----- MATERIALS PROVIDED -----
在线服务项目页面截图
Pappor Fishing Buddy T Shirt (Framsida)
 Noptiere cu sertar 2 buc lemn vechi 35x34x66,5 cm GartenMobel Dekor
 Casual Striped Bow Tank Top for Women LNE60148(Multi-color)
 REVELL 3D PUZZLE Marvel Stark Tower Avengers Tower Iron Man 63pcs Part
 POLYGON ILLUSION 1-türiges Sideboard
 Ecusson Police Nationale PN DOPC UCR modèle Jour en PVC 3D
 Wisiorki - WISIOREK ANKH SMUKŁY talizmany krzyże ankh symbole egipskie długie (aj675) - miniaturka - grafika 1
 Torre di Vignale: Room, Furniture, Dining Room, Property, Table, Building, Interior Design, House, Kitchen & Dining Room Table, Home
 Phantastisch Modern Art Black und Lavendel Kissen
-----
| WHAT YOU WILL DO |
Copy the data above. Keep each line exact.

| SOLUTION TO THIS PROBLEM |
在线服务项目页面截图
Pappor Fishing Buddy T Shirt (Framsida)
 Noptiere cu sertar 2 buc lemn vechi 35x34x66,5 cm GartenMobel Dekor
 Casual Striped Bow Tank Top for Women LNE60148(Multi-color)
 REVELL 3D PUZZLE Marvel Stark Tower Avengers Tower Iron Man 63pcs Part
 POLYGON ILLUSION 1-türiges Sideboard
 Ecusson Police Nationale PN DOPC UCR modèle Jour en PVC 3D
 Wisiorki - WISIOREK ANKH SMUKŁY talizmany krzyże ankh symbole egipskie długie (aj675) - miniaturka - grafika 1
 Torre di Vignale: Room, Furniture, Dining Room, Property, Table, Building, Interior Design, House, Kitchen & Dining Room Table, Home
 Phantastisch Modern Art Black und Lavendel Kissen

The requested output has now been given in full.